There are plenty of people in Cameron's Tory party, meanwhile, who fail to understand his determination to reserve 0.7% of gross national income for international aid. In hard times, a lot of voters are probably equally baffled. Where does charity begin? Why is there a moral responsibility to pour money into programmes that seem merely to support cycles of war and famine?
The clever sorts in Downing Street would probably say, therefore, that Cameron has done a clever thing. Tie aid to foreign policy and you keep the back benches and the voters happy. You get to spend part of that £10 billion averting the embarrassment of further cuts to your military. Your government becomes the new best friend of any regime you have assisted. Everybody's happy.
You can say these things. You can say, as Cameron last week said in India, that: "We have our moral responsibilities for tackling poverty around the world. We also have our national-security responsibilities for mending conflict states and helping with development around the world." You can juggle imperatives all you like. But don't call military operations aid.
Cameron's allies have their answers to that objection. One is simple, if not simplistic: we can't help everyone. Like it or not, choices must be made. A second answer is political: no government has ever treated international aid as a charity box. New Labour used its aid effort as an instrument of foreign policy – Sierra Leone being a prime example – long before Cameron came to power.
A third, more sophisticated response is to say a Western government with few enough friends in the non-white world has earned little credit for its aid. Brutally, we give and they, some of them, still hate us. In other words, there are better, more intelligent uses for that £10bn. Each answer is delivered in the clear, certain voice of pragmatism.
It's not the most attractive sound. Since I had no desire to interrogate the sister-in-law on first acquaintance, I never did ask her why she does the work she does. Perhaps the fact that she is a nurse was the beginning and end of an answer. Perhaps she has never examined her motives. All I know is she is under no illusions about the complications and compromises bound up in the word "aid". Cameron could not, I think, say the same.

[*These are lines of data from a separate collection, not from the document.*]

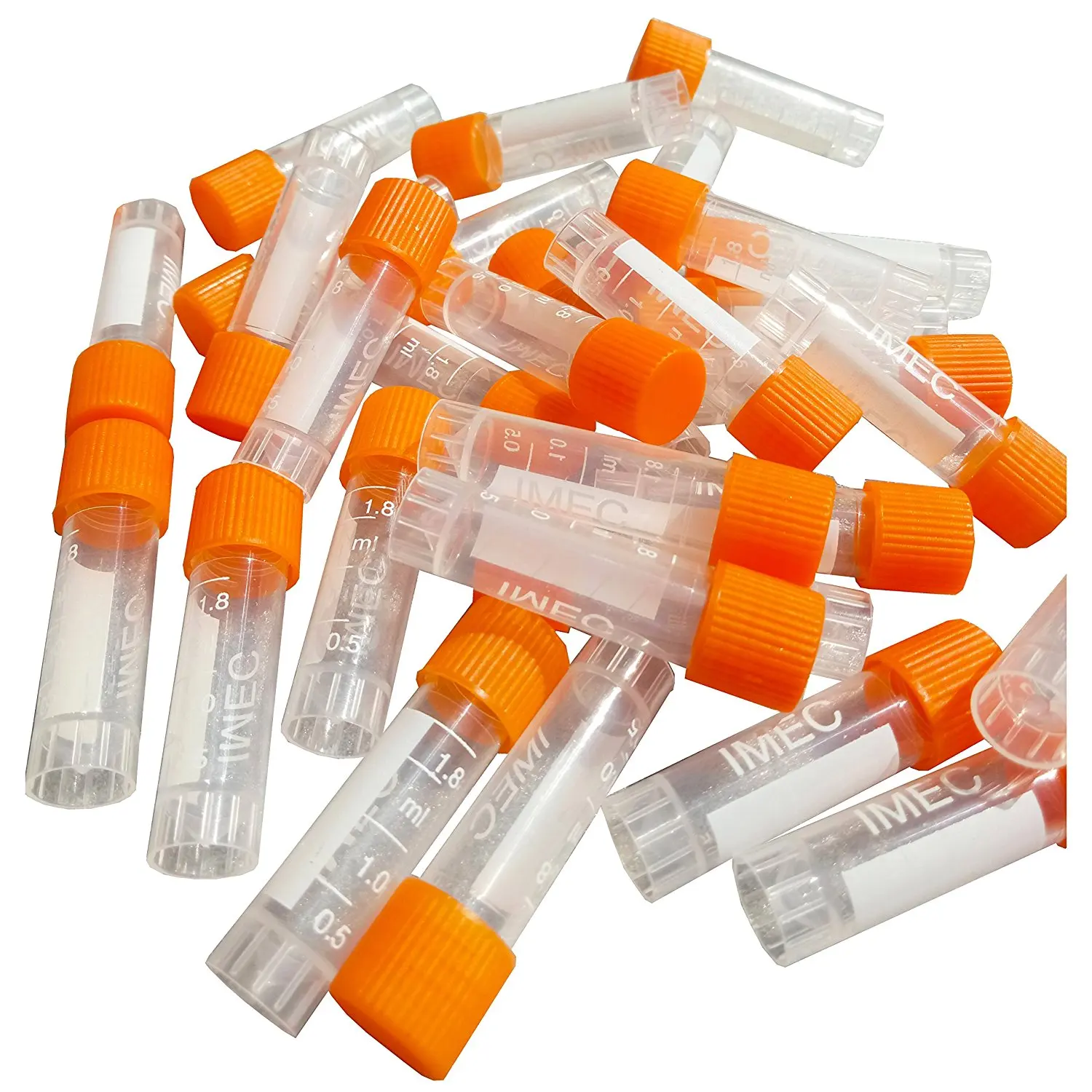 Пластик Пробирки пробирки 1.8 мл лаборатории трубы(различных цветов)(оранжевый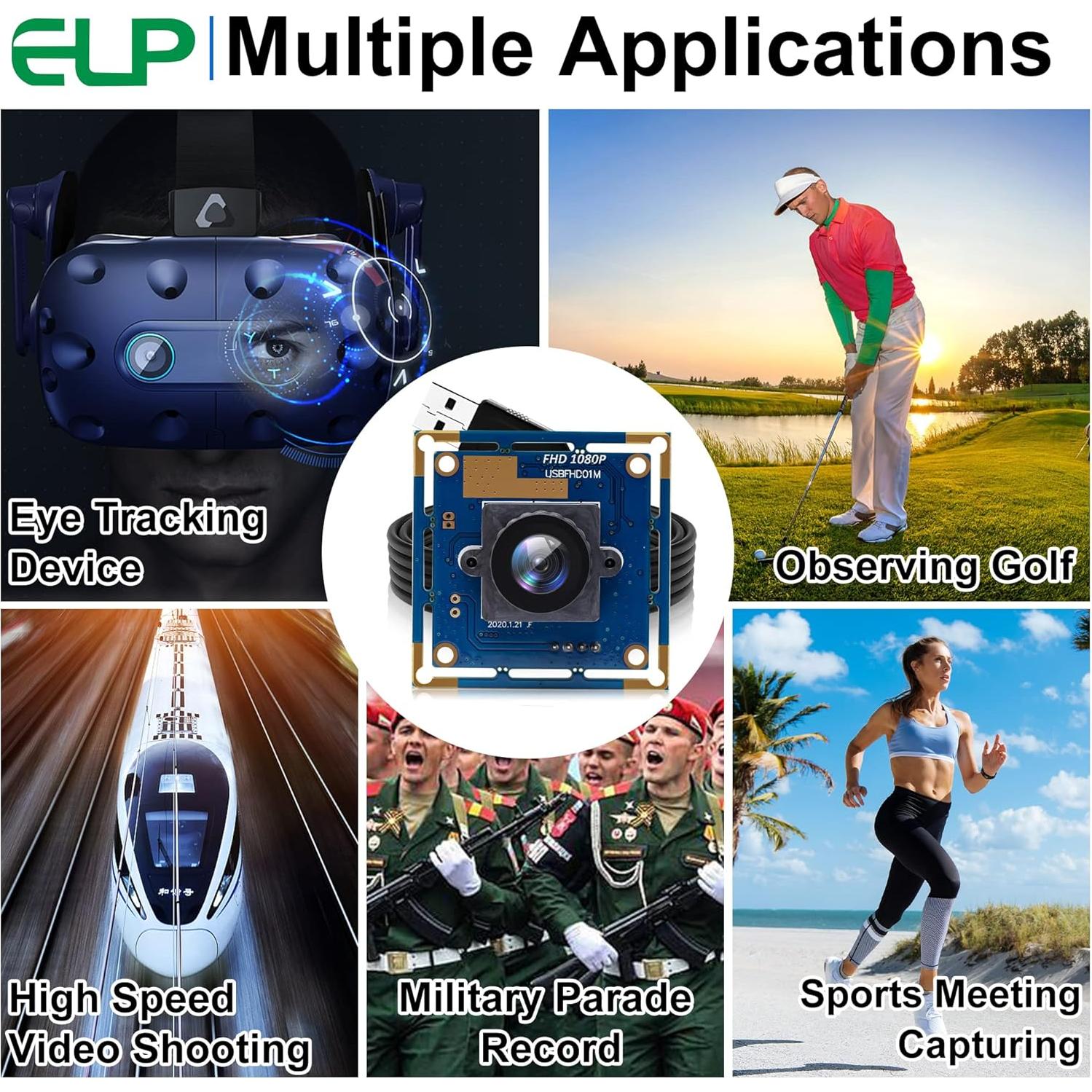 Cámara de Seguridad USB ELP 1080P HD Gran Angular 2MP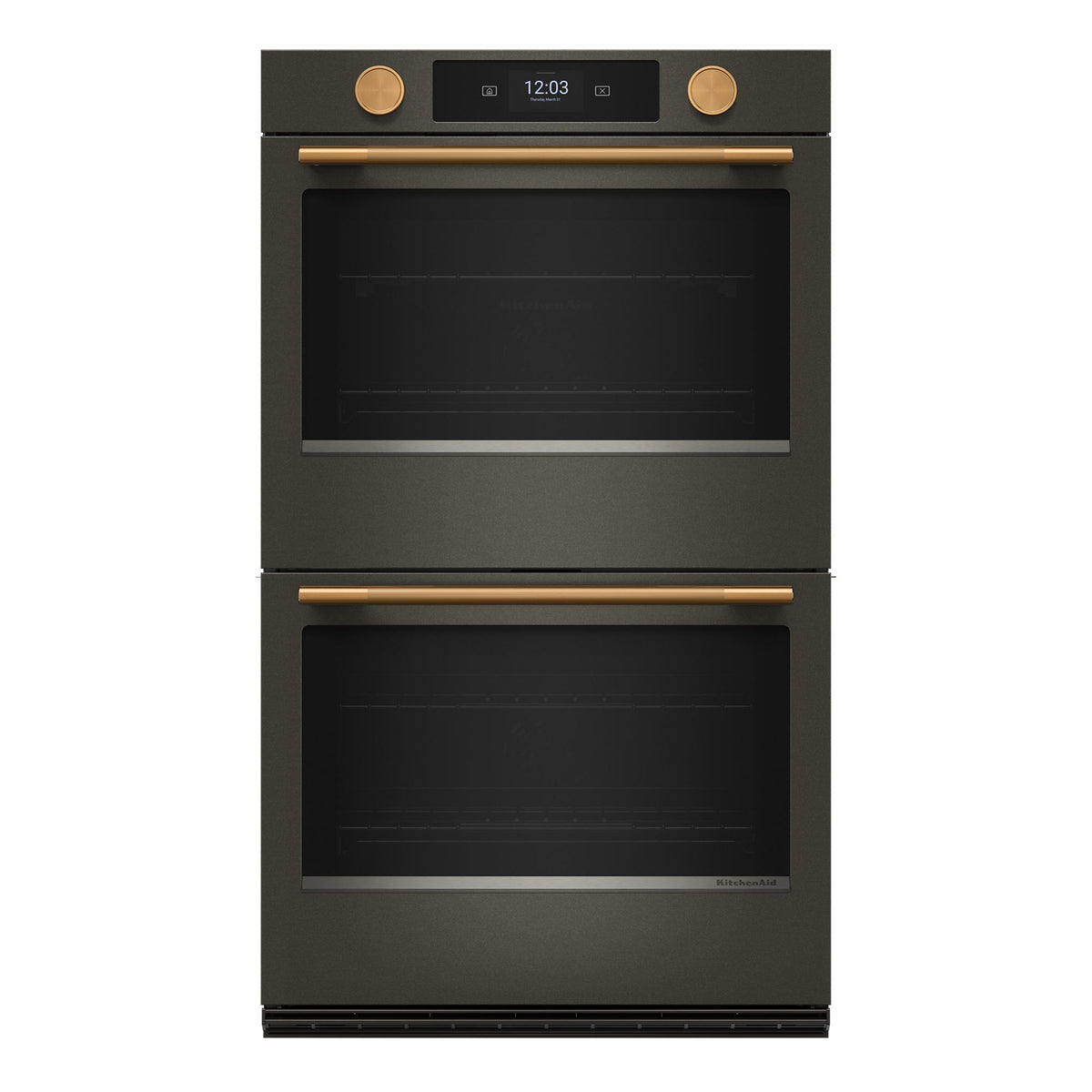 KitchenAid Black Ore 30" Double Wall Oven (10 Cu. Ft) - KOED730SBE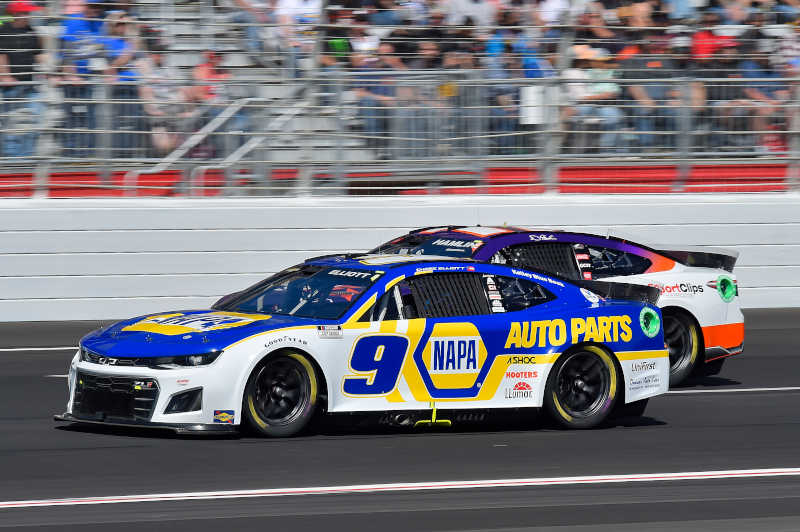 #9: Chase Elliott, Hendrick Motorsports, NAPA Auto Parts Chevrolet Camaro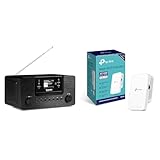 TechniSat DIGITRADIO 570 CD IR – Stereo DAB+ Internetradio & TP-Link...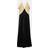 Toteme Draped dress black_bleached_sand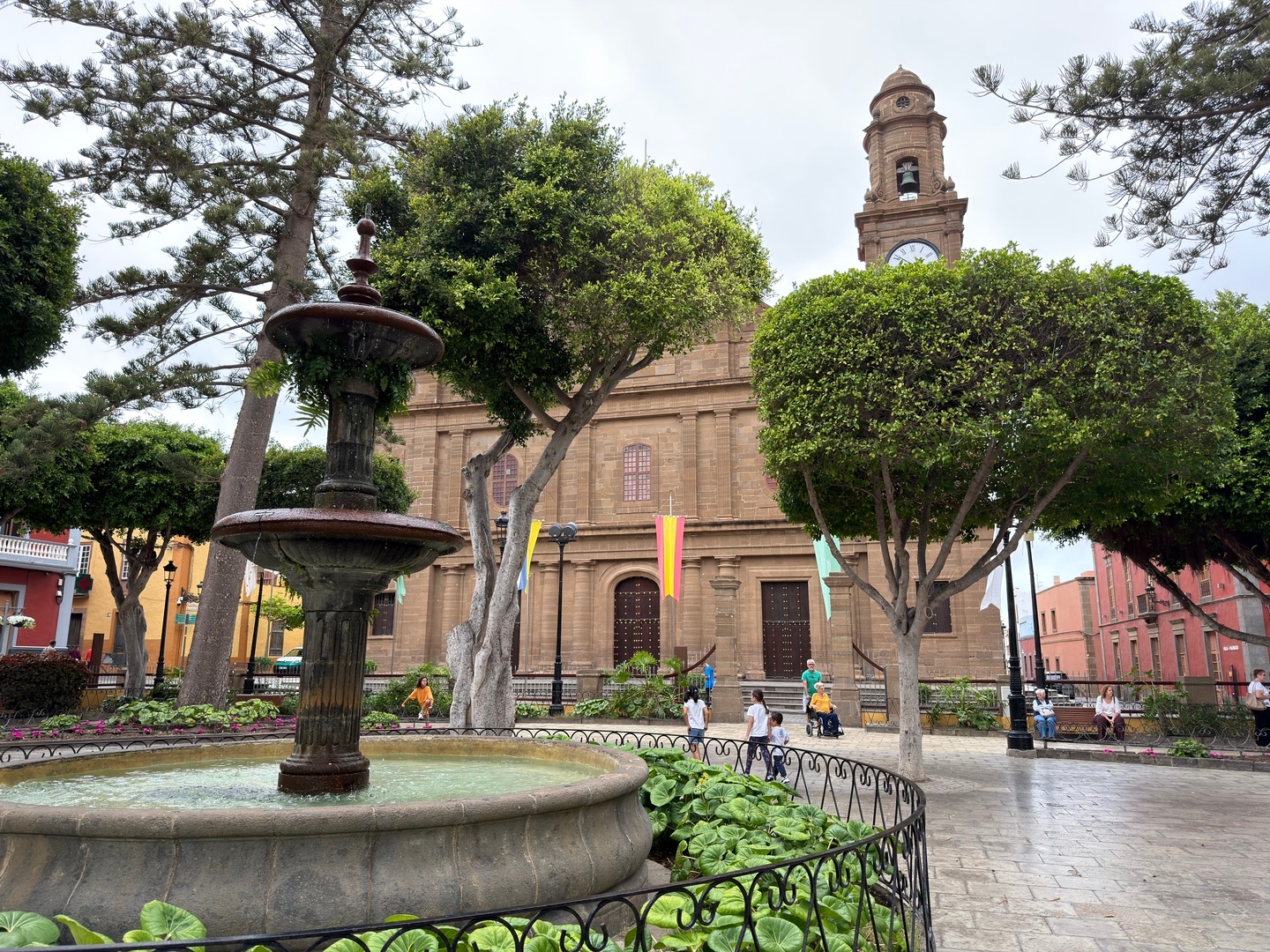 Gáldar: Plaza de Santiago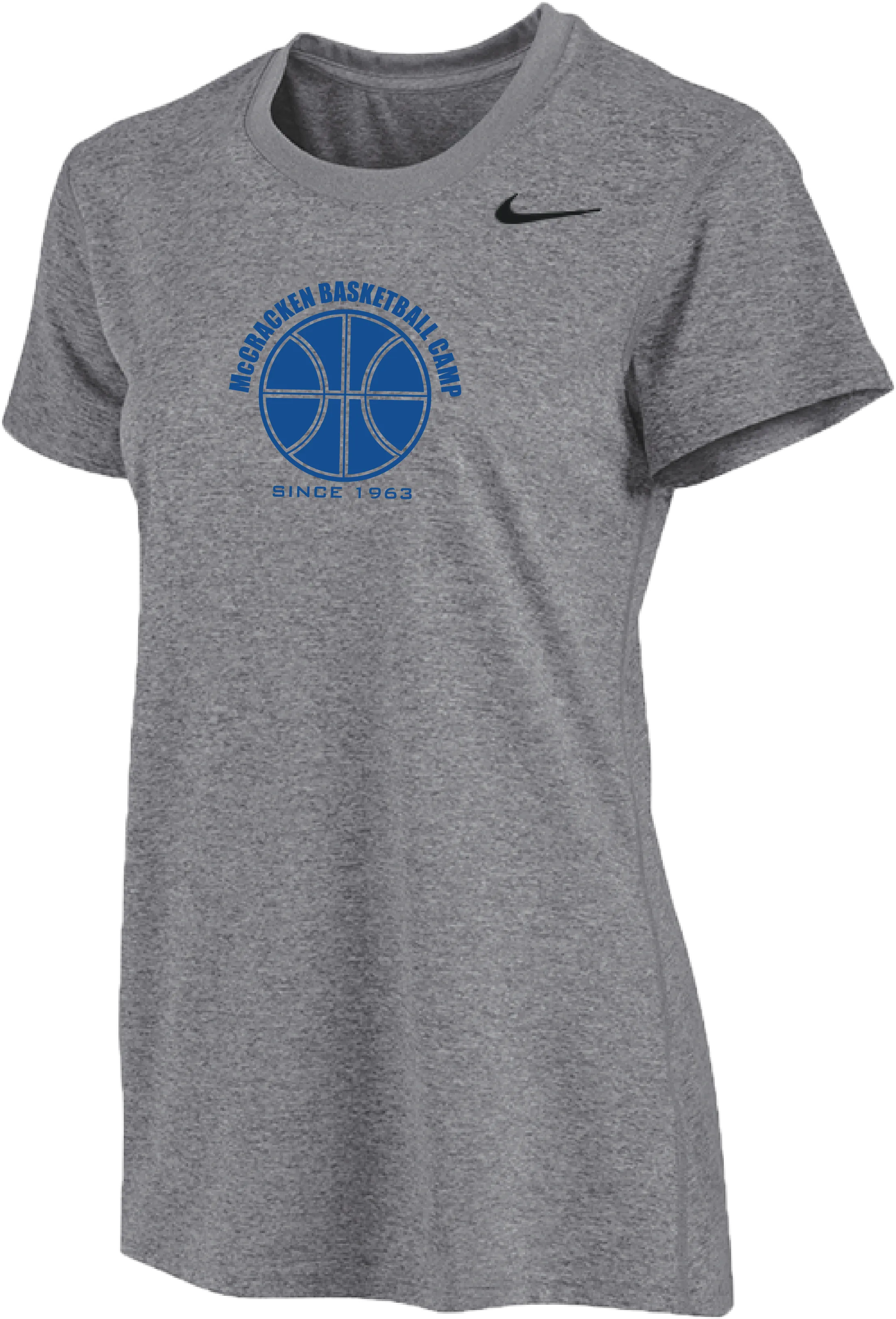 Womens McCracken Basketball Camp Short Sleeve Dri-Fit Tee - Carbon Heather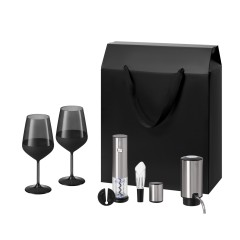 Подарочный набор Блэк Эдишн (Black Edition), Винтаро (Vintaro), Данте (Dante) (2 бокала + набор для вина + аэратор)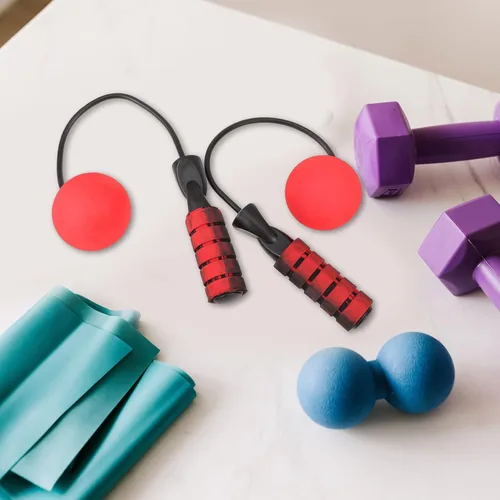 Miniatura 3 de Luxshiny Cordless Jump Rope with Weighted Balls Non-slip Handle Portable Skipping Rope for Fitness Adults Home Workout for Women and Men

Some people in NGOs, I know, accept the duties implicit in faith. Some recognise a moral responsibility for humanity that transcends governments. Some, a lot of them, work in defiance of such forces. Few would recognise a defence deal as a humanitarian gesture. Training our proxy armies to fight other proxy armies – "security, demobilisation and peacekeeping", in the Whitehall jargon – tends to lead to the wars from which refugees flee and in which children starve.
The idea that there must always be something in it for us is hard to justify, you might have thought, when it issues from a good Christian type such as Cameron.
Aid is given because it is needed, not because you expect a return. The honest alternative is to say, as the Prime Minister's bolder MPs would say, that it's our £10bn to spend as we see fit, and to hell – or thereabouts – with the immiserated masses of some sandpit of which we know little.
Fine; just don't call it aid. Don't use it as an excuse to switch money to the military and then to an arms industry that – by a remarkable coincidence – so often creates the need for real aid. Who made the guns driving the refugees into my sister-in-law's camp? In the case of Syria, the buck stops with Russia, but the Kremlin no doubt calls its arms shipments aid. Britain is one of the biggest players in the weapons industry, and one of the world's biggest suppliers of humanitarian assistance to the downtrodden. I wonder what the connection could be.
Cameron crosses a linguistic line in order to ford a moral torrent. He believes that if he calls defence deals aid he has solved a problem. Perhaps he has, for himself. Not for the NGOs, however, not for those who give to their work, and not for those who need their help.